A few weeks ago I was on a plane bound for a church retreat, when the guy next to me struck up a conversation with me about what I do for living.

Immediately he wanted to tell me about his own walk of faith. He had been raised in India as a Hindu and his family moved to England when he was a small boy. He had lost the religion of his childhood and expressed to me that he was now “very into” Eckhart Tolle’s The Power of Now.

“It is interesting,” he went on to explain to me, “how people are often stuck in what has happened and what they have done. I have learned that we must simply stay in the present.”
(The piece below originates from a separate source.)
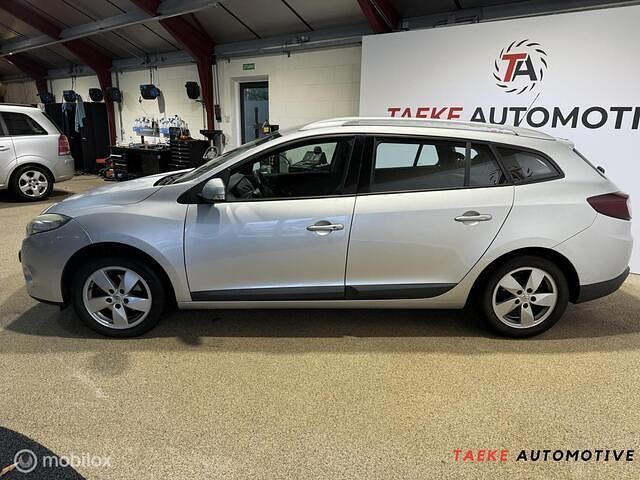 Occasion Renault Mégane GrandTour Dynamique 131 PK (96 kW) 2010 Grijs Stationwagen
“What exactly do you mean?” I pushed him a bit further.

immigrant children

“Take Germany for example,” he thoughtfully responded, “they are so shadowed by their history of hurting other people that they have let tremendous amounts of immigrants into their country. And what has happened to them? Bad things.”

I sat in stunned silence for a moment. I wish I could tell you that I was judging his callous assessment of the Holocaust as something that made Germans unable to outrun their past. Millions of people were murdered. That’s not the kind of thing a country forgets. Perhaps I could have reminded him that he was, in fact, an immigrant too. But I have been in ministry long enough to know that when politics and theology come to roost we rarely see ourselves as the outsider. And I’m not sure the white lady needed to remind the brown guy from whence he came.

Honestly, I just found myself super envious of his theology. We should live in the now. The past is a burden. Why worry about what you cannot change? Be more present, Sarah!

So, for about 3 seconds I tried it out.

When I am “present” on airplanes I have one clear thought: If this thing goes down I’ll leave two children motherless. It turns out that it is impossible for me to inhabit whatever we are calling “the present” for longer than a few seconds.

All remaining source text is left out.